慢性颅内低灌注所致的脱髓鞘是脑白质损伤(WML)的主要病理改变。和免疫性脱髓鞘不同，WML髓鞘脱失可能是轴突损害的继发结果。我们发现WML模型中，伴随着髓鞘脱失，神经元轴突结旁区线粒体存在异常堆积和结构异常，但二者的因果关系和机制不明。我们提出假说: 慢性低灌注状态下，神经元轴突内线粒体轴浆流发生异常，线粒体异常锚定增多。郎飞氏结结旁区堆积的线粒体功能障碍将导致线粒体-内质网桥接减少，进而导致内质网功能障碍。分布于内质网的糖苷酶Endo H进而被激活，介导Caspr蛋白质N端脱糖基化，引起结旁区髓鞘稳定复合物Capsr和Contactin相互黏附作用下降，继而出现血管性脱髓鞘现象。为验证假说，拟采用体外有髓背根神经培养和BCAS动物模型，通过分子手段干预线粒体锚定蛋白，探讨线粒体锚定在维持髓鞘结构稳定性中的作用。本研究将从轴突内线粒体锚定影响脱髓鞘这一新视角展开研究，阐释WML病理机制。

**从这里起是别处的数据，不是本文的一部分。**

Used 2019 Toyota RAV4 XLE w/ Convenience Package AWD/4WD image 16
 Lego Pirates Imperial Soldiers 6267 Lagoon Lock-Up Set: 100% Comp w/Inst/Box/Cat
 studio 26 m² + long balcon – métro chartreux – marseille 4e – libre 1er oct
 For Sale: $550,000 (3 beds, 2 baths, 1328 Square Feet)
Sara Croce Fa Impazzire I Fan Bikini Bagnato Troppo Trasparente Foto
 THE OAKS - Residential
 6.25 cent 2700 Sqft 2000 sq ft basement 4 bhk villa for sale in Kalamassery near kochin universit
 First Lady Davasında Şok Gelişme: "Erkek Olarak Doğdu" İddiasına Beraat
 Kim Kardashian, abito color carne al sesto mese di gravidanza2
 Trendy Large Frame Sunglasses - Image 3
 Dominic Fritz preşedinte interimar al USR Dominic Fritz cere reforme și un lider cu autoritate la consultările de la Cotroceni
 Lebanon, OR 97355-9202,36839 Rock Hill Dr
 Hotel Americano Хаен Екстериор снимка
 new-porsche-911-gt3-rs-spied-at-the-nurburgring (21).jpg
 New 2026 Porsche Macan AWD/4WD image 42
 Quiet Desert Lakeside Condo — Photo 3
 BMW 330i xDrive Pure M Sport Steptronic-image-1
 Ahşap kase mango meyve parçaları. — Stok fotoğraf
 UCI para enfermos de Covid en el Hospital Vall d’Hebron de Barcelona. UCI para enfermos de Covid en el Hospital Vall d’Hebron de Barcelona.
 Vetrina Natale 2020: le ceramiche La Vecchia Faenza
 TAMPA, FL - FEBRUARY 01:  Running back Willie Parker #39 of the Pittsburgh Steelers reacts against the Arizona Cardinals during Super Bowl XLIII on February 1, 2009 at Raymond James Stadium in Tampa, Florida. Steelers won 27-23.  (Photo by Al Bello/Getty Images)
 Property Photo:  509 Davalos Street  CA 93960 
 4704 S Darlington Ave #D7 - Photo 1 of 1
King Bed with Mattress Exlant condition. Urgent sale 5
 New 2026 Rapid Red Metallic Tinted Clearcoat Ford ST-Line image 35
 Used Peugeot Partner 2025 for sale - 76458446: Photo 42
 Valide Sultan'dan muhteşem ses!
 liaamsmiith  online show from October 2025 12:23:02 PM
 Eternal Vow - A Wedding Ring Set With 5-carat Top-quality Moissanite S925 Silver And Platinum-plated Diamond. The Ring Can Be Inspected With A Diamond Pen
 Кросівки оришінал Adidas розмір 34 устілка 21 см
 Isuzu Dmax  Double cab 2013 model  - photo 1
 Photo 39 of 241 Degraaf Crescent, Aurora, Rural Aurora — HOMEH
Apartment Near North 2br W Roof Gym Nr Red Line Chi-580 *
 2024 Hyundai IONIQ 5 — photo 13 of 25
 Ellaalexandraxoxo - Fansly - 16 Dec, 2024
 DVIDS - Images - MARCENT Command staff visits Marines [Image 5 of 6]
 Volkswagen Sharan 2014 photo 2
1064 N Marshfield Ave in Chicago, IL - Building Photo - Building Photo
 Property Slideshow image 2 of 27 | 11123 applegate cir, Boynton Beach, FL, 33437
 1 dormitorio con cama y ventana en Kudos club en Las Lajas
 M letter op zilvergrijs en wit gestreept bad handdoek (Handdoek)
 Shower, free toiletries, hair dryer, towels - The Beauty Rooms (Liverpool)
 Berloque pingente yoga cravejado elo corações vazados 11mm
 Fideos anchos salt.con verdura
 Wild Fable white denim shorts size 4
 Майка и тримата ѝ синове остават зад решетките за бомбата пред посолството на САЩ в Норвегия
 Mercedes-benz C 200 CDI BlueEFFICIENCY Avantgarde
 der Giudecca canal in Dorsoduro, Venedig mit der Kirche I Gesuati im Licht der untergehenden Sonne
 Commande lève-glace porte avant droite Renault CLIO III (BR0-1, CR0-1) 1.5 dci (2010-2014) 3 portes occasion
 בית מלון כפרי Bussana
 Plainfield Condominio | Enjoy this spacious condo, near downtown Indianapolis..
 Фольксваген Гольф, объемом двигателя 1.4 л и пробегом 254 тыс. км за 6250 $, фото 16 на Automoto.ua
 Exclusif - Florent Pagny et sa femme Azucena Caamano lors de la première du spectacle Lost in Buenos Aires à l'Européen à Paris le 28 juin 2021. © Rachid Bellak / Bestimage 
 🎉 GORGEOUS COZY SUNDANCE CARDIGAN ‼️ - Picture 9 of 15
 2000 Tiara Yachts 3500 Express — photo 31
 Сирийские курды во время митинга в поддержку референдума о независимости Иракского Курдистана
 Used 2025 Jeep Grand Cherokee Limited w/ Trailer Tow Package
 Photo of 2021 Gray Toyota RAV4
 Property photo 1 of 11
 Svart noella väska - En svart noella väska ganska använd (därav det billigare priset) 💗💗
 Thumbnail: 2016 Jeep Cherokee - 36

The major pathological changes of cerebral white matter lesions (WML) induced by small vascular disease and chronic hypoperfusion is demyelination. Different with autoimmune demyelination, The WML demyelination might be the secondary change to axonal damage. Our previous study showed that chronic hypoperfusion can increase axonal mitochondrial docking accompanied with demyelination, however the causal relationship between the two phenomena and the underlying molecular mechanism need to be further studied. Therefore, we put forward the hypothesis: under WML condition, increased docking mitochondria in axonal paranode area is the early change of demyelination, and dysfunction of mitochondria may occur due to swollen and abnormal metablism over time. Then the abnormal mitochondria lead to a reduction in the number of Mitochondria-associated ER membrane(MAM). The acetylation state of Caspr is necessary for maintaining stability of Caspr and Contactin, sustaining stability of myline. Under WML condition, the reduction of MAM induced the activation of EndoH, which then increase deacetylation of Caspr by EndoH, eventually lead to dissociation of Caspr and Contactin and myelin instability. To test this hypothesis, we will use in vitro DRG cells culture and bilateral common carotid artery stenosis (BCAS) animal model. By molecular modulation of mitochondria docking proteins, we will investigate the important role of axonal docking mitochondria in maintenance of myelin stability. From the novel point of view that axonal mitochondria may regulate myelin stability, we will study the mechanism of WML induced demyelination. This will help us interpret the neural function defect caused by the WML and provide a new sight for clinical intervention.